Enterable namespaces are:
mount namespace
Mounting and unmounting filesystems will not affect the rest
of the system, except for filesystems which are explicitly
marked as shared (with mount --make-shared; see /proc/self
/mountinfo for the shared flag). For further details, see
mount_namespaces(7) and the discussion of the CLONE_NEWNS flag
in clone(2).
UTS namespace
Setting hostname or domainname will not affect the rest of the
system. For further details, see uts_namespaces(7).
IPC namespace
The process will have an independent namespace for POSIX
message queues as well as System V message queues, semaphore
sets and shared memory segments. For further details, see
ipc_namespaces(7).
network namespace
The process will have independent IPv4 and IPv6 stacks, IP
routing tables, firewall rules, the /proc/net and /sys/class
/net directory trees, sockets, etc. For further details, see
network_namespaces(7).
PID namespace
Children will have a set of PID to process mappings separate
from the nsenter process. nsenter will fork by default if
changing the PID namespace, so that the new program and its
children share the same PID namespace and are visible to each
other. If --no-fork is used, the new program will be exec'ed
without forking. For further details, see pid_namespaces(7).
user namespace
The process will have a distinct set of UIDs, GIDs and
capabilities. For further details, see user_namespaces(7).
cgroup namespace
The process will have a virtualized view of /proc/self/cgroup,
and new cgroup mounts will be rooted at the namespace cgroup
root. For further details, see cgroup_namespaces(7).
time namespace
The process can have a distinct view of CLOCK_MONOTONIC and/or
CLOCK_BOOTTIME which can be changed using
/proc/self/timens_offsets. For further details, see
time_namespaces(7).
Various of the options below that relate to namespaces take an
optional file argument. This should be one of the /proc/[pid]/ns/*
files described in namespaces(7), or the pathname of a bind mount
that was created on one of those files.
-a, --all
Enter all namespaces of the target process by the default
/proc/[pid]/ns/* namespace paths. The default paths to the
target process namespaces may be overwritten by namespace
specific options (e.g., --all --mount=[path]).

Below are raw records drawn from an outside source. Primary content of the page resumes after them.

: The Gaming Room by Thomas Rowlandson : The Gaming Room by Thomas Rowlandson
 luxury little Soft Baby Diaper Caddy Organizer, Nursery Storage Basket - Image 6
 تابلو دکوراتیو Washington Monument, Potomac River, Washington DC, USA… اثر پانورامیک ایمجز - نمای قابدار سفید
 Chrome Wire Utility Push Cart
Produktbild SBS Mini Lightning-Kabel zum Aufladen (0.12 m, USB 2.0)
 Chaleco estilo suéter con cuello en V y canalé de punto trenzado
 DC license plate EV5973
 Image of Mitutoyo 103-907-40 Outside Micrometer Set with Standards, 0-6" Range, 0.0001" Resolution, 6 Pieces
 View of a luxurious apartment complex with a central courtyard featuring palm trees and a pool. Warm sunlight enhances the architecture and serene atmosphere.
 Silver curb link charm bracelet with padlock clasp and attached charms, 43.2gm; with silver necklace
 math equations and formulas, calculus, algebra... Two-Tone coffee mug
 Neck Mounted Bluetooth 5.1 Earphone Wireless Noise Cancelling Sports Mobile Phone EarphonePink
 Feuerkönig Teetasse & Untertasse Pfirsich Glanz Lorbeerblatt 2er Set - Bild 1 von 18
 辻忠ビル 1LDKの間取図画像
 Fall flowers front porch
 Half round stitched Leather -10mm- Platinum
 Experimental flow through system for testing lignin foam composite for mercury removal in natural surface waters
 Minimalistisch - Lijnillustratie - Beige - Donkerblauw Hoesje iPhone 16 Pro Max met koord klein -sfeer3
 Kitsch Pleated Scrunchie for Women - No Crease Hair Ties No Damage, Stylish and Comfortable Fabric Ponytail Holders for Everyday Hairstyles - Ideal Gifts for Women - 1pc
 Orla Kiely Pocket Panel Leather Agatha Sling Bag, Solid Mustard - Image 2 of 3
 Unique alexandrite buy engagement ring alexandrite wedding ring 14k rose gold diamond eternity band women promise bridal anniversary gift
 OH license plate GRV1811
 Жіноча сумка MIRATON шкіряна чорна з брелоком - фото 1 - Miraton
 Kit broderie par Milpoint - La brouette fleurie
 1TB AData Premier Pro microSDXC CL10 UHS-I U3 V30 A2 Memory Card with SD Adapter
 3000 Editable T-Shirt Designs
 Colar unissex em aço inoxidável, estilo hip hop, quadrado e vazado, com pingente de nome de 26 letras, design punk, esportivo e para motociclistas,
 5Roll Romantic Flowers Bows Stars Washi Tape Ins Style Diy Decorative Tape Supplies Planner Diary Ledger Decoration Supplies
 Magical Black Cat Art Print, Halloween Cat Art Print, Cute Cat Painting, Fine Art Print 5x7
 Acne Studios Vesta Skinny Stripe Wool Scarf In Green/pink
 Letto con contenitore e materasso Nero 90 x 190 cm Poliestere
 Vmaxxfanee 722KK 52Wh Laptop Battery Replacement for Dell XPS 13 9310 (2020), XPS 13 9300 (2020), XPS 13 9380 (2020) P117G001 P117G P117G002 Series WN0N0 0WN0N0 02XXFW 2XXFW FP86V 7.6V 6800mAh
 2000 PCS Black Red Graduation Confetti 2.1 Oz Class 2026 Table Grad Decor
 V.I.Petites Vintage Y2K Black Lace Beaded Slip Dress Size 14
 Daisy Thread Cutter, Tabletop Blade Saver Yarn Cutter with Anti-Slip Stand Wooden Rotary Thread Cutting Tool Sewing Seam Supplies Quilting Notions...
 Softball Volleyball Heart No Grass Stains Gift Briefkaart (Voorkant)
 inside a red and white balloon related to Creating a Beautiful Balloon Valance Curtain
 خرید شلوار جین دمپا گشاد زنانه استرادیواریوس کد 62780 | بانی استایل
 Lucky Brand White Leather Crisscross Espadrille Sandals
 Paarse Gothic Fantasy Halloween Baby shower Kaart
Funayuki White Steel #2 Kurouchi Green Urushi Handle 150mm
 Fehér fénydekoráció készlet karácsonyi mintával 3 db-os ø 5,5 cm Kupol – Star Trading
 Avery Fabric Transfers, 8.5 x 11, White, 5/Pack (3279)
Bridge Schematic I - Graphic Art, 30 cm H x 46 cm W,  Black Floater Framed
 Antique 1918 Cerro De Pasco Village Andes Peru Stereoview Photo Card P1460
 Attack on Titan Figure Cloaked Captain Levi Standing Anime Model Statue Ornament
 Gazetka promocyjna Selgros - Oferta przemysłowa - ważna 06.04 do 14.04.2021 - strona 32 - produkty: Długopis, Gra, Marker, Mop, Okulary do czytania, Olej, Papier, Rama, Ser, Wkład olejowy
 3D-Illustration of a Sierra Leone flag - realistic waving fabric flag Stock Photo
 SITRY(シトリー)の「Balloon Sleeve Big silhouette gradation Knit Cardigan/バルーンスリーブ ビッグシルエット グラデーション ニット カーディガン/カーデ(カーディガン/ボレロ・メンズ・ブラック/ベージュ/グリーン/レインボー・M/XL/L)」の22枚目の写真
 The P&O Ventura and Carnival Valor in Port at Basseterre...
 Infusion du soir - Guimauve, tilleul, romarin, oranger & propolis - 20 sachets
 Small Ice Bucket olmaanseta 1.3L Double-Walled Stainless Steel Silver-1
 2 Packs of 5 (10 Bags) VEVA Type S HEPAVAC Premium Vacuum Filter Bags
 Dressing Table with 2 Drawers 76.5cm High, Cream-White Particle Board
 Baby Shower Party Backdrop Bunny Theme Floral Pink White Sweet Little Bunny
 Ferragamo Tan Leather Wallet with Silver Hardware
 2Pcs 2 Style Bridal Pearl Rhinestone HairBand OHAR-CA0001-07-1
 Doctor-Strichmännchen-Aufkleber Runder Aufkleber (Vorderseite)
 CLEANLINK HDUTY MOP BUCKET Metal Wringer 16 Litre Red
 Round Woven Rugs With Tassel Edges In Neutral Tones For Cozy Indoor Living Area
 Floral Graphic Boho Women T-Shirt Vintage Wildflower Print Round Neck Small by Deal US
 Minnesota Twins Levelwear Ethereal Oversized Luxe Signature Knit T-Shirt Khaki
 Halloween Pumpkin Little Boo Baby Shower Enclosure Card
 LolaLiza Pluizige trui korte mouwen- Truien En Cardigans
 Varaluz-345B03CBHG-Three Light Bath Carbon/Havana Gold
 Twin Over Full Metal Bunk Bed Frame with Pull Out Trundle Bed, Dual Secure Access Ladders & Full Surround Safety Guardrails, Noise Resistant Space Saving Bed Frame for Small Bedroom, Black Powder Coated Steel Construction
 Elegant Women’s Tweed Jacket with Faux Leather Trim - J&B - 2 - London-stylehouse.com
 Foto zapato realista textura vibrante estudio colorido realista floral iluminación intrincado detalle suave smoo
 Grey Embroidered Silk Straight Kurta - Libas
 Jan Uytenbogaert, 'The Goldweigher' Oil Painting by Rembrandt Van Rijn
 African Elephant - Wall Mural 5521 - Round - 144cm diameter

The user namespace will be ignored if the same as the caller's
current user namespace. It prevents a caller that has dropped
capabilities from regaining those capabilities via a call to
setns(). See setns(2) for more details.
-t, --target pid
Specify a target process to get contexts from. The paths to
the contexts specified by pid are:
/proc/pid/ns/mnt the mount namespace
/proc/pid/ns/uts the UTS namespace
/proc/pid/ns/ipc the IPC namespace
/proc/pid/ns/net the network namespace
/proc/pid/ns/pid the PID namespace
/proc/pid/ns/user the user namespace
/proc/pid/ns/cgroup the cgroup namespace
/proc/pid/ns/time the time namespace
/proc/pid/root the root directory
/proc/pid/cwd the working directory respectively
-m, --mount[=file]
Enter the mount namespace. If no file is specified, enter the
mount namespace of the target process. If file is specified,
enter the mount namespace specified by file.
-u, --uts[=file]
Enter the UTS namespace. If no file is specified, enter the
UTS namespace of the target process. If file is specified,
enter the UTS namespace specified by file.
-i, --ipc[=file]
Enter the IPC namespace. If no file is specified, enter the
IPC namespace of the target process. If file is specified,
enter the IPC namespace specified by file.
-n, --net[=file]
Enter the network namespace. If no file is specified, enter
the network namespace of the target process. If file is
specified, enter the network namespace specified by file.
-p, --pid[=file]
Enter the PID namespace. If no file is specified, enter the
PID namespace of the target process. If file is specified,
enter the PID namespace specified by file.
-U, --user[=file]
Enter the user namespace. If no file is specified, enter the
user namespace of the target process. If file is specified,
enter the user namespace specified by file. See also the
--setuid and --setgid options.
-C, --cgroup[=file]
Enter the cgroup namespace. If no file is specified, enter
the cgroup namespace of the target process. If file is
specified, enter the cgroup namespace specified by file.
-T, --time[=file]
Enter the time namespace. If no file is specified, enter the
time namespace of the target process. If file is specified,
enter the time namespace specified by file.
-G, --setgid gid
Set the group ID which will be used in the entered namespace
and drop supplementary groups. nsenter(1) always sets GID for
user namespaces, the default is 0.
-S, --setuid uid
Set the user ID which will be used in the entered namespace.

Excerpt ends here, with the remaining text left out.